Beautiful Disaster Chapter 10

Start from the beginning
                                    

                Cole and I take a step back letting the portrait swing open to reveal a darkened cobblestoned corridor. “Hungrier men first.” I offer jesting my hand forward. 

                “Aye, oi waited too long ter return back ter Toro’s cookin’.”       

                Cole steps through and I follow him into the deep depths of the tunnel. There are separate entry ways to paths that lead nowhere only to get those who accidently stumble up them lost and tramped not knowing their way out. There isn’t any light to emit our way and so we venture through a maze as dark as night. With the silence that deafens the ear it can drive anyone who doesn’t know their way to madness.  

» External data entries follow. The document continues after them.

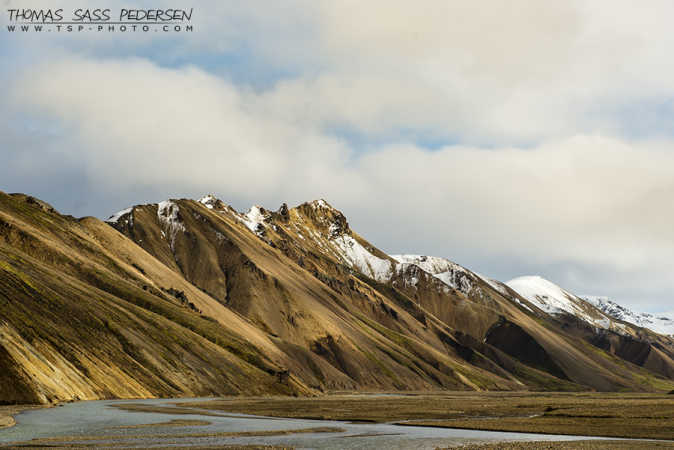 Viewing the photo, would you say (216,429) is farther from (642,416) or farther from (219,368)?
(219,368)

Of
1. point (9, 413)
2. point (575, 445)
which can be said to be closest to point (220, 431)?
point (9, 413)

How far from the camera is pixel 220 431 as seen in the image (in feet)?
230

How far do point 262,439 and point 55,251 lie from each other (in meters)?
125

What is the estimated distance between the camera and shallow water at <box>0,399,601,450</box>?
59.9 metres

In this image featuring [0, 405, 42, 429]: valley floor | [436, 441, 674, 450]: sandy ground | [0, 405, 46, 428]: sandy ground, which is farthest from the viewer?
[0, 405, 46, 428]: sandy ground

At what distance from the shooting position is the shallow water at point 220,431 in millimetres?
59938

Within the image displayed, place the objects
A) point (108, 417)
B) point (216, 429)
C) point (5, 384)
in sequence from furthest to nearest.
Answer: point (5, 384), point (108, 417), point (216, 429)

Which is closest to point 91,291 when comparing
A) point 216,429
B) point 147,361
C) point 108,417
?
point 147,361

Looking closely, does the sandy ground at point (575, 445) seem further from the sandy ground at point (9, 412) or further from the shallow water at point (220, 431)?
the sandy ground at point (9, 412)

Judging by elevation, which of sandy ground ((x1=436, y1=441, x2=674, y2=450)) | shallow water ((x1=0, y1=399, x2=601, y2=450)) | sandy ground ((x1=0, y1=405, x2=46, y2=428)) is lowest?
sandy ground ((x1=0, y1=405, x2=46, y2=428))

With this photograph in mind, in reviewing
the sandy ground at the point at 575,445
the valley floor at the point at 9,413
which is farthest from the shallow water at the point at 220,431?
the sandy ground at the point at 575,445

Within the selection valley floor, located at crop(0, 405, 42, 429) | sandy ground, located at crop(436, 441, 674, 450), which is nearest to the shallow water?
valley floor, located at crop(0, 405, 42, 429)

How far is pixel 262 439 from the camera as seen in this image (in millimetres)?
63438

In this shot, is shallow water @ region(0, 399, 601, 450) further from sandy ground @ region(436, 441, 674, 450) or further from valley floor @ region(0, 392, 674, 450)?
sandy ground @ region(436, 441, 674, 450)
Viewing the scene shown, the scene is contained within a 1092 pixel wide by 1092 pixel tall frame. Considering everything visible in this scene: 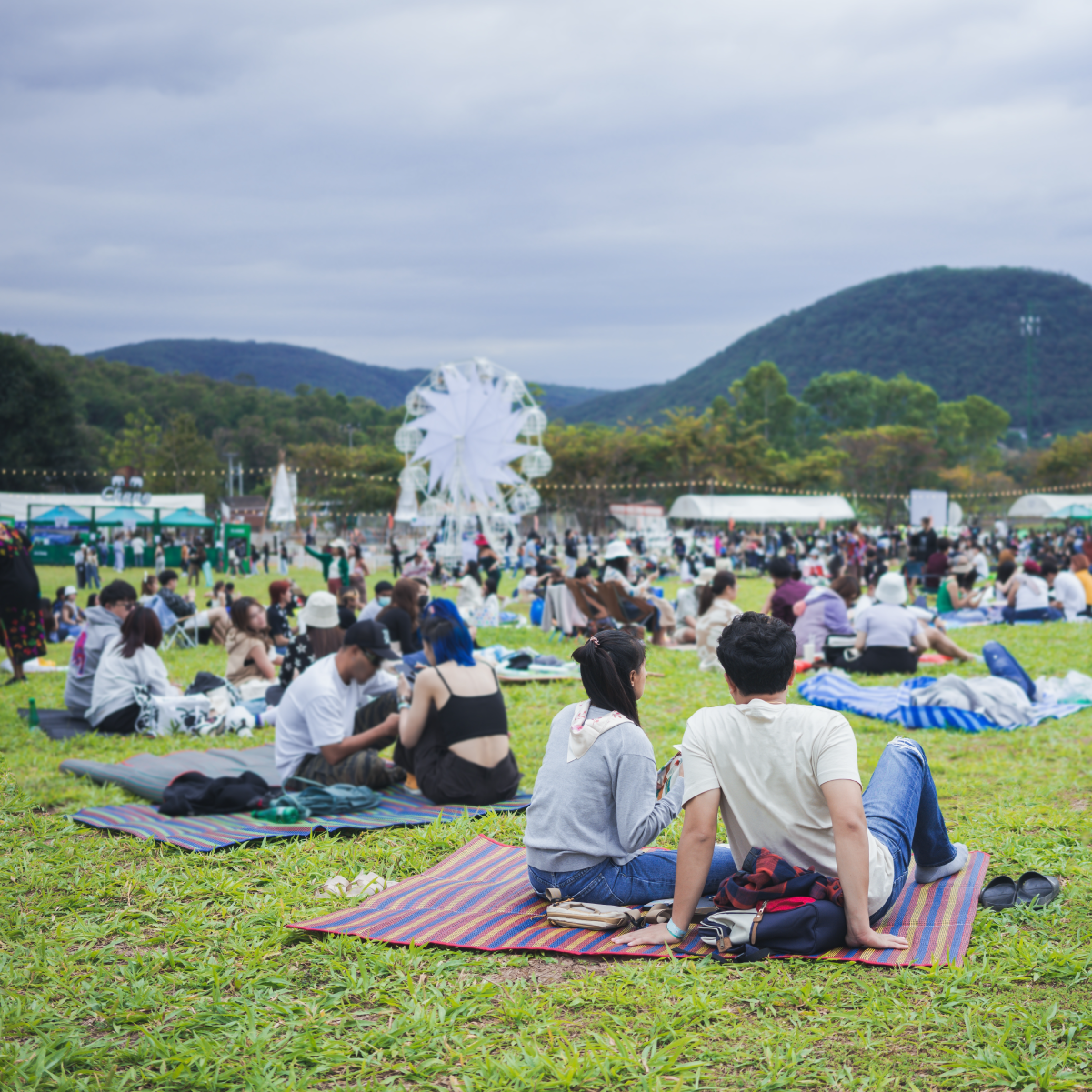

                “Toro said he would put lighting in here.”

                I laugh a topic that’s been argued over too many times. Magic doesn’t work in these tunnels. “But he also knows that it would be a waste of money since we can see perfectly fine in the dark.” We make a turn to the right and after a few minutes I say, “Besides we are almost there. Can’t you hear that?”

                These tunnels were never meant to be created. But I insisted for safety and easy access purposes. Toro was never too happy to begin with to have a portal connected to his business. Over the past years they have proven to be very useful and since we all have learned our way by now it hasn’t been an issue. Even Toro himself began using them.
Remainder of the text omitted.